郊外へお出掛けなのだ
南伊豆〜白浜 後編

稲取を過ぎたあたりから景観が変わった。どこが違うのかと問われるとうまく言えないのだが、もう半島の先端に近づいているんだなという感じが景色の中にあるのだ。はじっこ感覚とでも言おうか。それは「けっこう遠くまで来たなあ」なんていう旅愁が強まって大変にいいものでもある。このあたりは千葉の館山より南なのだ。
これまでずっと走ってきた135号線沿いには、あちこちに河津桜が見られた。河津桜というのは寒桜の一種で、伊豆地方にはよく見られる種類だ。花はソメイヨシノよりも濃いピンク。すでに半分は葉桜になっていた。東京ではこのあいだ雪が降ったというのに信じられない光景である。
トンネルを抜け、小さな岬を回り込むと、道路脇に番号の付いたポールが立っていた。教えられた通りに4番のところで左折。ぐっと道幅は狭まって車一台分である。その両脇にはアロエがびっしりと自生している。小さな橋を渡ったところ、左手に“竜宮荘”はあった。とうとう着いたのだ。

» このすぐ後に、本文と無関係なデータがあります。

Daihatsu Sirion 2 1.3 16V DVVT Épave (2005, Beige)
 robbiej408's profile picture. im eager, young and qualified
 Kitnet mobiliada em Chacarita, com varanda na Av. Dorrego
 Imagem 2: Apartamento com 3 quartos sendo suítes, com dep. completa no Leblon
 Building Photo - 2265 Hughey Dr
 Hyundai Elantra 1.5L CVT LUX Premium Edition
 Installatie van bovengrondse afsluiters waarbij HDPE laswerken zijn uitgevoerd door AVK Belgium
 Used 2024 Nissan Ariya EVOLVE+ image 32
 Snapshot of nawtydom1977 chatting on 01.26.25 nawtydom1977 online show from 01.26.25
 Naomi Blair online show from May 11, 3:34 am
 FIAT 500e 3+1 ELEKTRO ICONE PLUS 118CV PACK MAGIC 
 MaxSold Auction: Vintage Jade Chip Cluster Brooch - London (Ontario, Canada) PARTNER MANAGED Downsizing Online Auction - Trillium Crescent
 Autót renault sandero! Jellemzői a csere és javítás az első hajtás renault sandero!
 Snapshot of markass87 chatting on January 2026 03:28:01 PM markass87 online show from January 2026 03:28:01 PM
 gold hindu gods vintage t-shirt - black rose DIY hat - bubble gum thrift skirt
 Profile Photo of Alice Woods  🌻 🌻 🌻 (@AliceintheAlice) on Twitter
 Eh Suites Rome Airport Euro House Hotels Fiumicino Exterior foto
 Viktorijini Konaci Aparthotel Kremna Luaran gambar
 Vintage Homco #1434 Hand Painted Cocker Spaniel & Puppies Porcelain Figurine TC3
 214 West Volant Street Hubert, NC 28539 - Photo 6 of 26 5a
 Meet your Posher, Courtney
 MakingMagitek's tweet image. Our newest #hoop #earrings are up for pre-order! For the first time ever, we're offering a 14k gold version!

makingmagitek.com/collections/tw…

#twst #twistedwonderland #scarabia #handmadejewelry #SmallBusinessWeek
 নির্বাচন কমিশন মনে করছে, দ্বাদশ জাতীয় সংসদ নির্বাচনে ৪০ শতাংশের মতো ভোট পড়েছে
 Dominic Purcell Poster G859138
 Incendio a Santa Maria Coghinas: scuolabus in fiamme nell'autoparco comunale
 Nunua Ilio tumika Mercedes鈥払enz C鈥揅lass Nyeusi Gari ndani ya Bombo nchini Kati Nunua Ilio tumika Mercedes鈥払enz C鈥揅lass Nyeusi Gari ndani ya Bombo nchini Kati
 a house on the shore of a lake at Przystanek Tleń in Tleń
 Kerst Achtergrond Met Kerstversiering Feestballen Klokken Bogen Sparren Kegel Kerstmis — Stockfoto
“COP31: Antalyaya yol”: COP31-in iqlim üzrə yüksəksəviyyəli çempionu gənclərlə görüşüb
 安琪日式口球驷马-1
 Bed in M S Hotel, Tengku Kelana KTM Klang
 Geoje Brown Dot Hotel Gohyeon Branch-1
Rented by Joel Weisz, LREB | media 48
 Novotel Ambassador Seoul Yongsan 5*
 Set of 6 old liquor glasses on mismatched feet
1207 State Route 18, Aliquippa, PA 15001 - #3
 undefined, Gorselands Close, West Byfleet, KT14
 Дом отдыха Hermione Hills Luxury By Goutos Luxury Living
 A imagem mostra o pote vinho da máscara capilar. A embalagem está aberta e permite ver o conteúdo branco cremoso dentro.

駐車場に車を入れてイグニッションを切る。打ち寄せる波の音が聞こえている。強風が吹きつけていて、海辺特有のどこか殺伐とした感じがした。周囲には民家と民宿が何軒かあり、そのあいだを狭い道が通っている。脇には水路。誰もいない。

古い記憶にはかなりの自信があるのだが、ここの風景は想い出せない。すぐ近くに水産試験場という設備があって、それは見た目が小さなプールみたいなのだが、それだけは微かに見覚えがある。いやどうだろう。どこかの風景とだぶっているのかもしれない。思い違いか。するとここは昔やってきた宿ではないのか。ともかく車に戻って荷物を出し、格子戸を開けた。「こんにちは〜」
そこにはあら、あのおっかさんがお出迎えしてくれているではないか! お懐かしや!